_Work request_: Exactly as written, transcribe each line of the listing.

_Supplied material_:
==*==

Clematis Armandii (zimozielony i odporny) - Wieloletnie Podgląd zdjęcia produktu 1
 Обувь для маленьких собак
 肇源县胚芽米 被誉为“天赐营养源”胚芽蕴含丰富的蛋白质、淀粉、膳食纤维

==*==

_Answer to this problem_:
Clematis Armandii (zimozielony i odporny) - Wieloletnie Podgląd zdjęcia produktu 1
 Обувь для маленьких собак
 肇源县胚芽米 被誉为“天赐营养源”胚芽蕴含丰富的蛋白质、淀粉、膳食纤维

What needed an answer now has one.